REQUIRED WORK =
Set down the first line below and each line after it, ending with the one that holds "Edie Brickell &". Pictures do not belong in the copy.

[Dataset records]
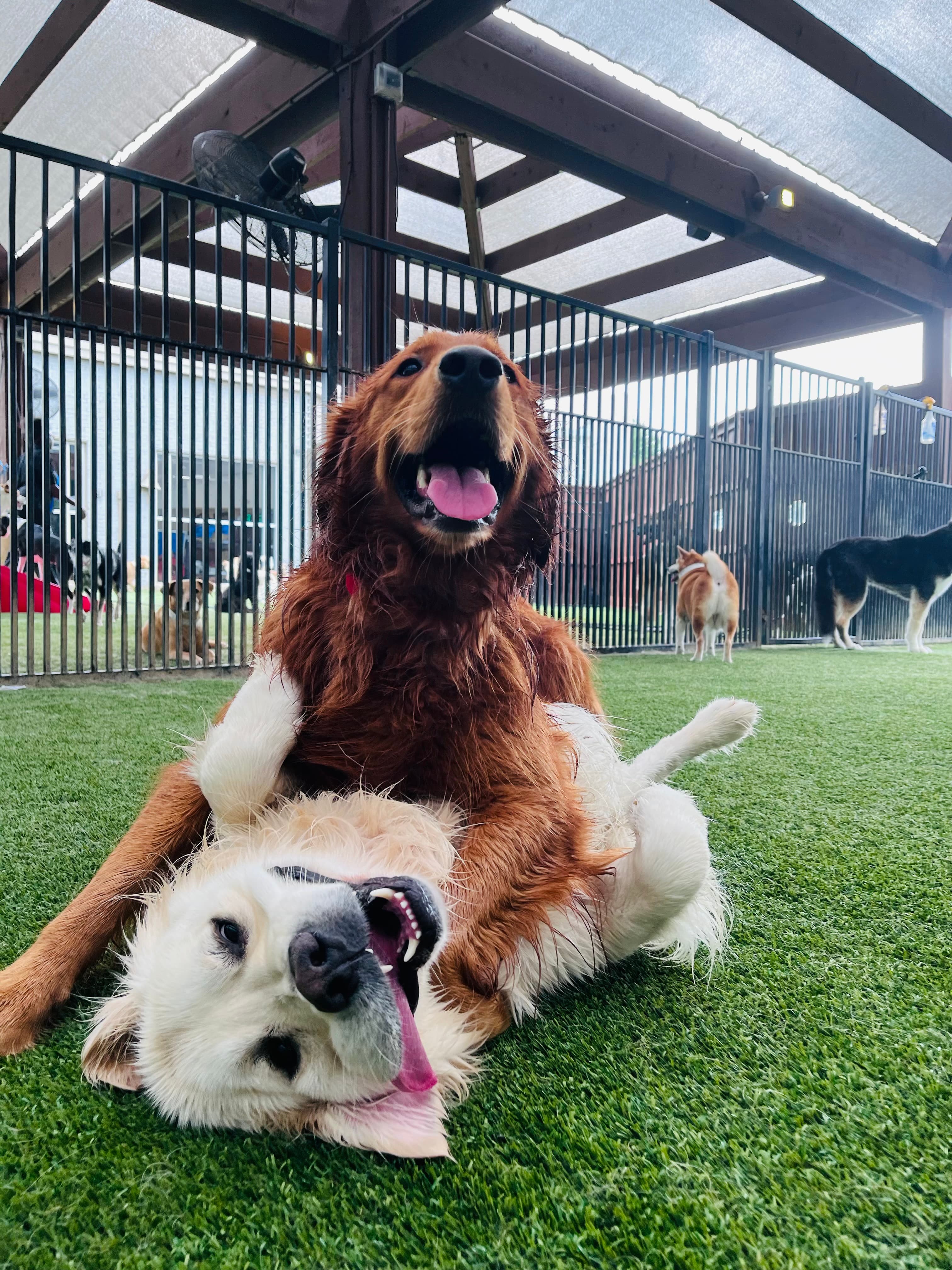 All American Pet Resorts Dallas - Pet groomer in Dallas, TX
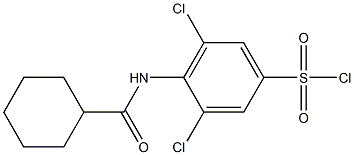 3,5-dichloro-4-cyclohexaneamidobenzene-1-sulfonyl chloride Struktur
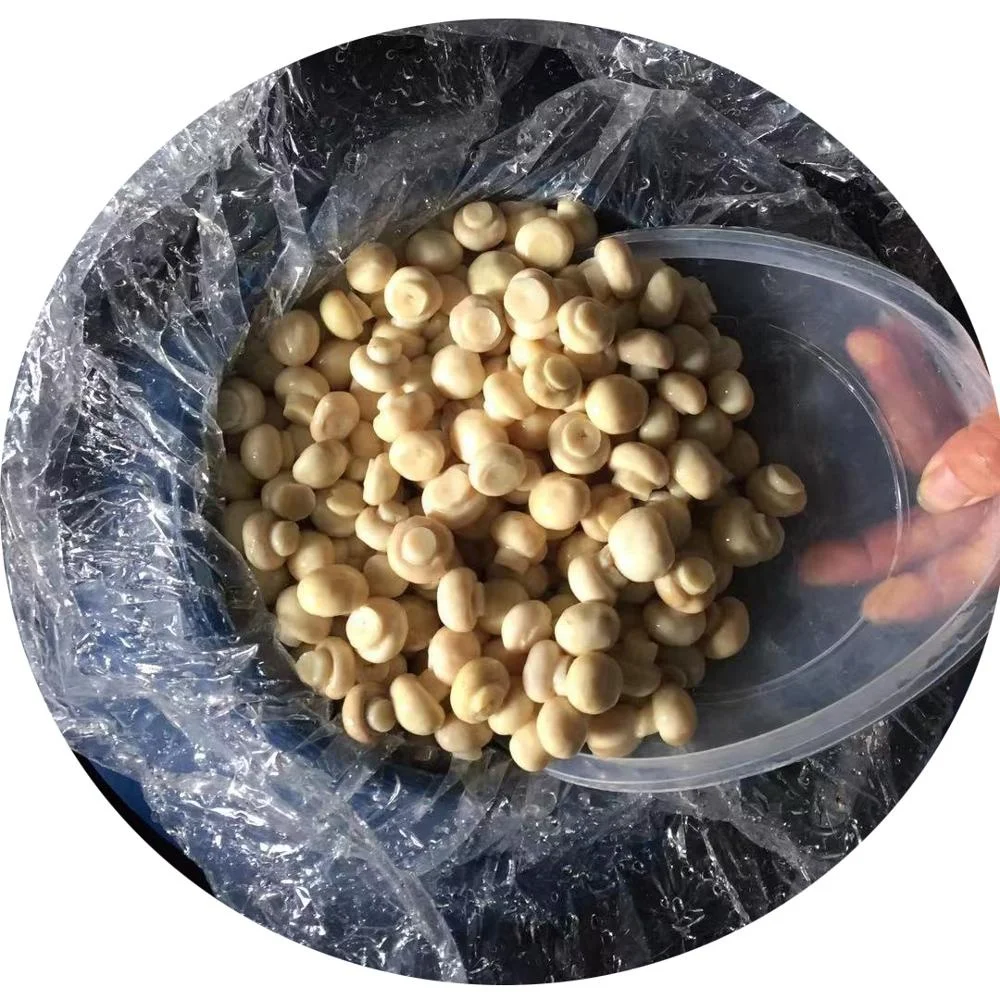 
Italy 2-2.5 cm whole champignon mushroom in vinegar in drums 
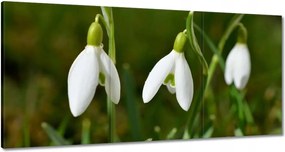 Vászonkép 120x60 Hóvirágok Virágok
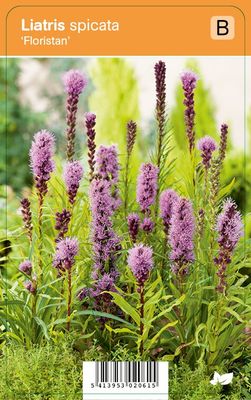 Vips Liatris spicata Floristan - Lampepoetser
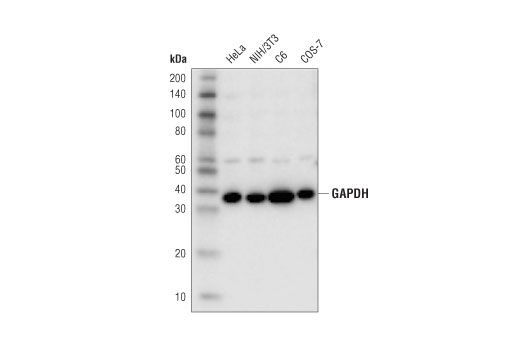 GAPDH (D4C6R) Mouse mAb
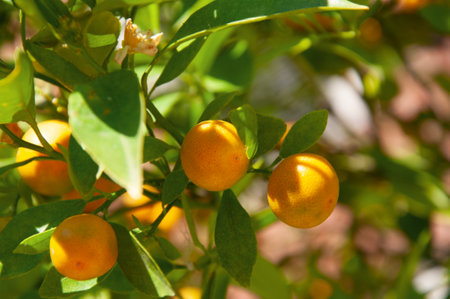 Fruits of oranges with green leaves on a tree close-up in the garden on a sunny dayの写真素材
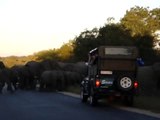 Elephants Kruger Park - Herd of 60 elephants
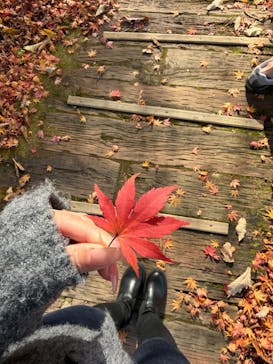 牧歌の里に投稿された画像（2025/11/16）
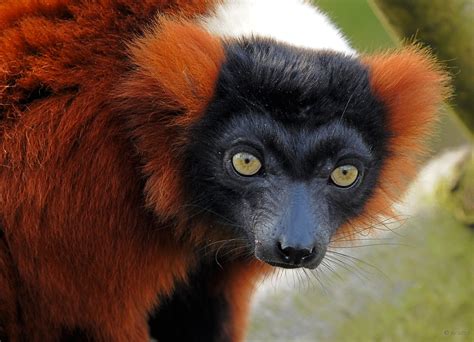 Roter Vari Foto & Bild | tiere, zoo, wildpark & falknerei, säugetiere ...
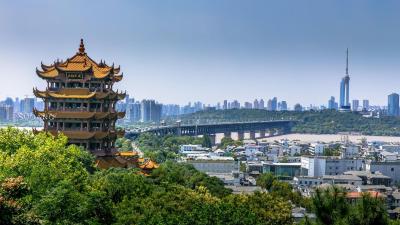 王忠林在汉调研重大项目建设情况
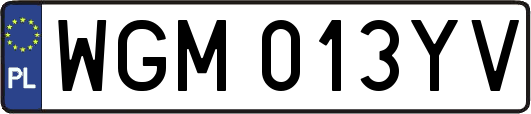 WGM013YV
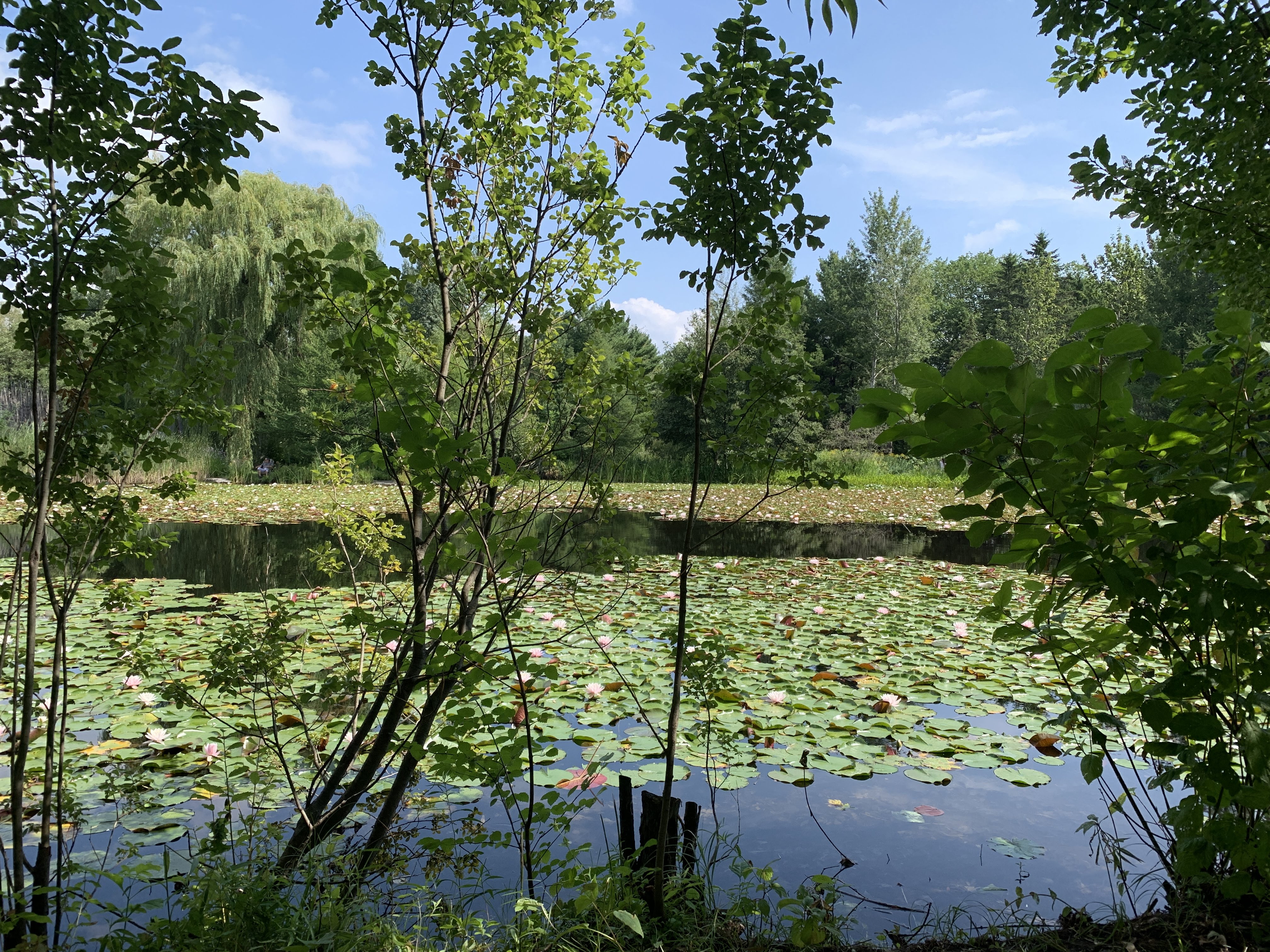 Montreal Botanic Gardens 23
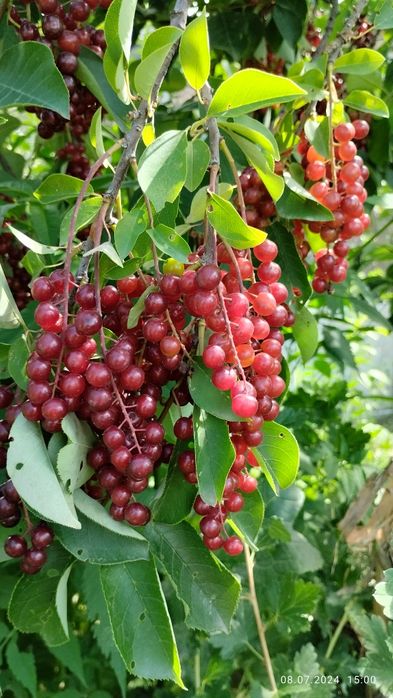 Саженцы красной черемухи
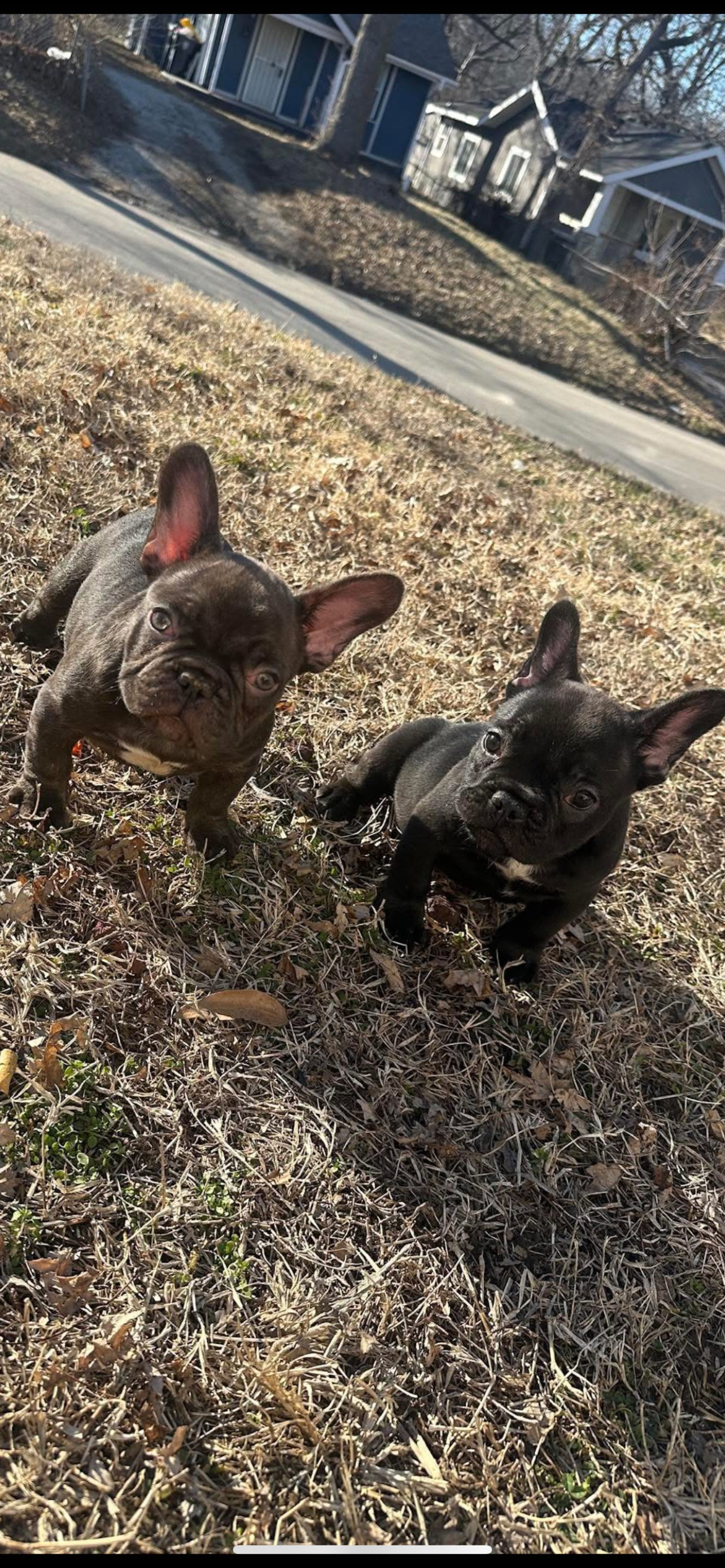 ShimadaX Launch Active Gaming Community Update - Image 3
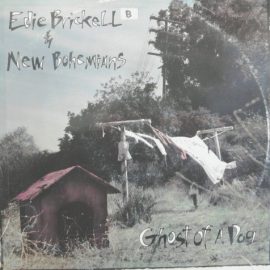 Edie Brickell & New Bohemians - Ghost Of A Dog
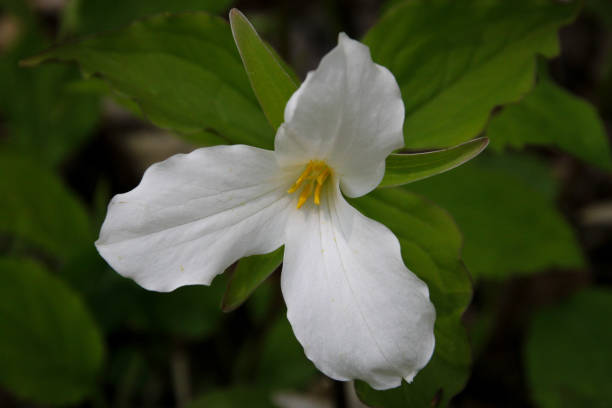 istock White Trilliums - Ontario 1353515615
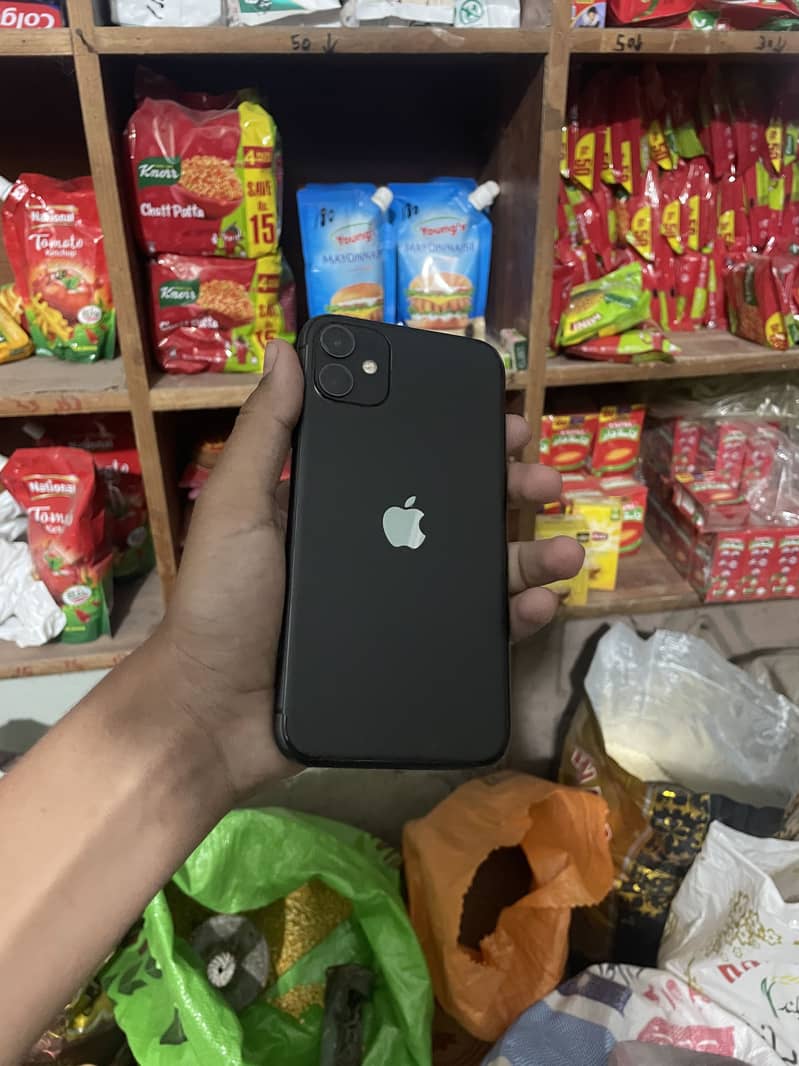 Apple iPhone 11 0
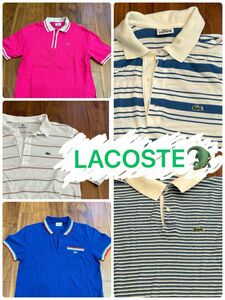 LACOSTE ラコステ ポロシャツ まとめ売り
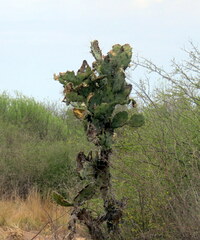 Opuntia quimilo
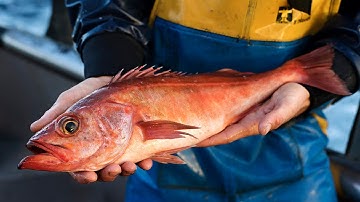 Data-Driven Conservation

TASK RESULT =
 All American Pet Resorts Dallas - Pet groomer in Dallas, TX
 3,5-dichloro-4-cyclohexaneamidobenzene-1-sulfonyl chloride Struktur
Italy 2-2.5 cm whole champignon mushroom in vinegar in drums 
 Vászonkép 120x60 Hóvirágok Virágok
 Vips Liatris spicata Floristan - Lampepoetser
 GAPDH (D4C6R) Mouse mAb
 Fruits of oranges with green leaves on a tree close-up in the garden on a sunny dayの写真素材
 Elephants Kruger Park - Herd of 60 elephants
 牧歌の里に投稿された画像（2025/11/16）
 Roter Vari Foto & Bild | tiere, zoo, wildpark & falknerei, säugetiere ...
 王忠林在汉调研重大项目建设情况
 WGM013YV
 Montreal Botanic Gardens 23
 Саженцы красной черемухи
 ShimadaX Launch Active Gaming Community Update - Image 3
 Edie Brickell & New Bohemians - Ghost Of A Dog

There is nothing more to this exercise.